Instructions to follow.
Set down all of the data exactly. Pictures stay out of the copy.
### Dataset excerpt ###
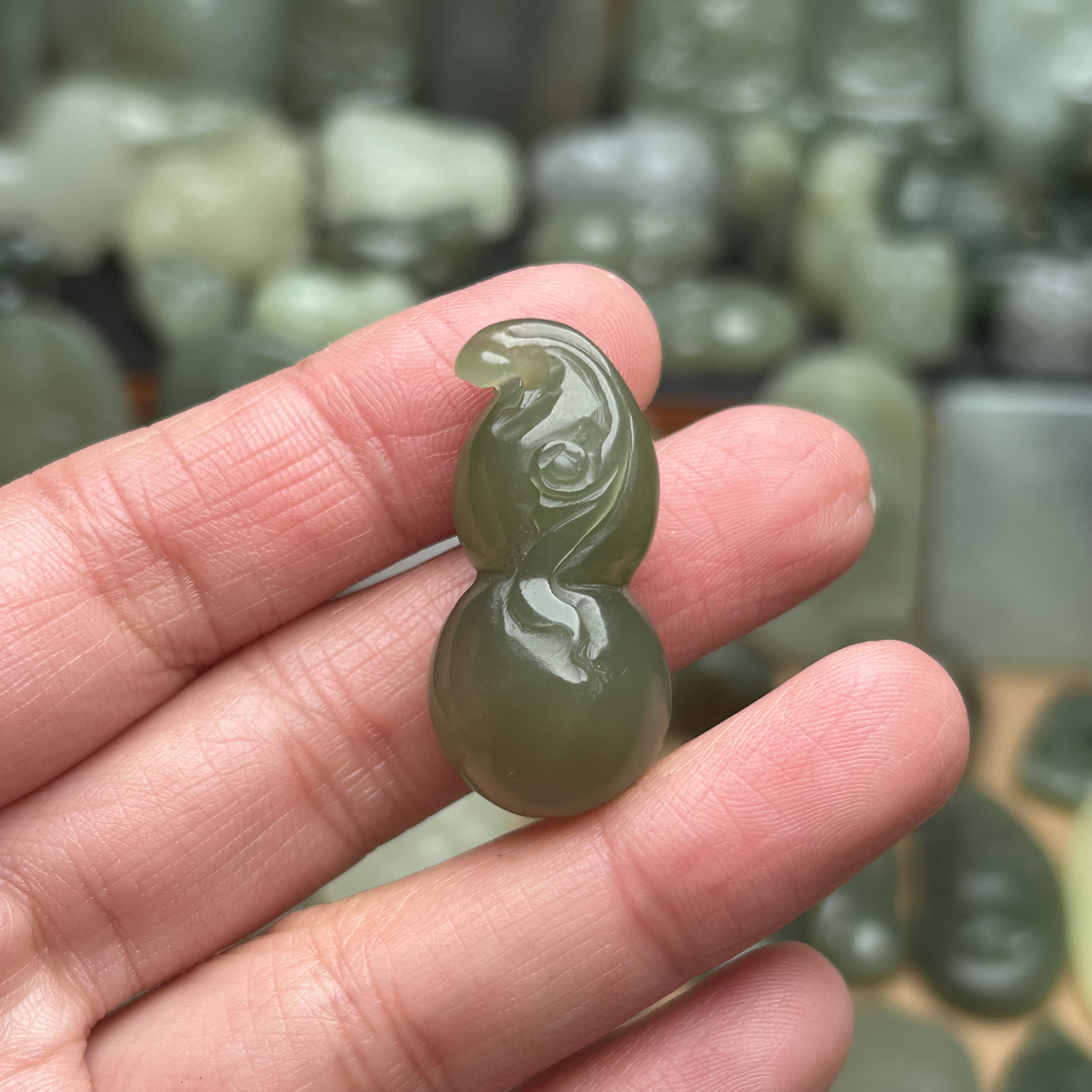 精品和田玉小挂件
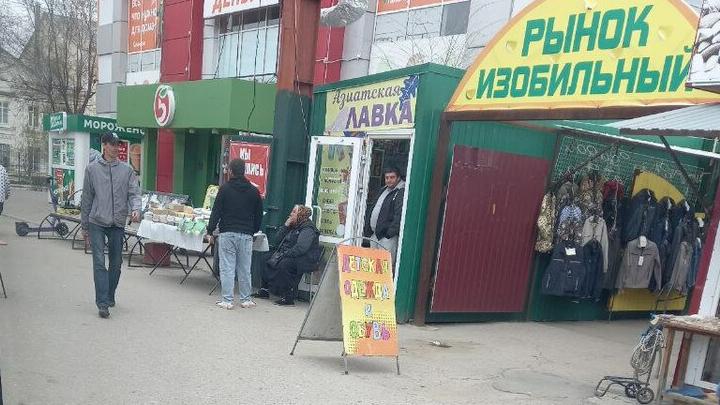 Энгельсские торговцы заняли остановку общественного транспорта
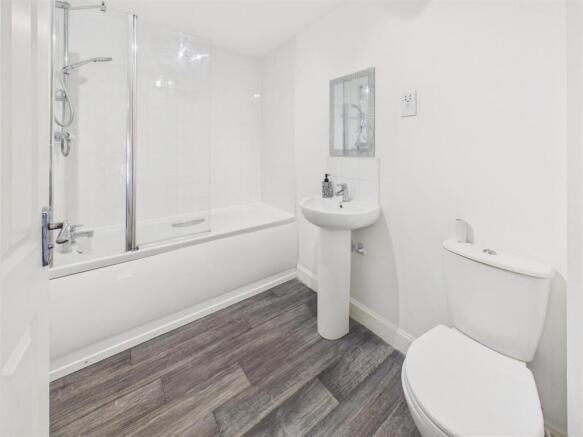 3 bed Semi-Detached for sale Image 9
###
Exercise output.
 精品和田玉小挂件
 Энгельсские торговцы заняли остановку общественного транспорта
 3 bed Semi-Detached for sale Image 9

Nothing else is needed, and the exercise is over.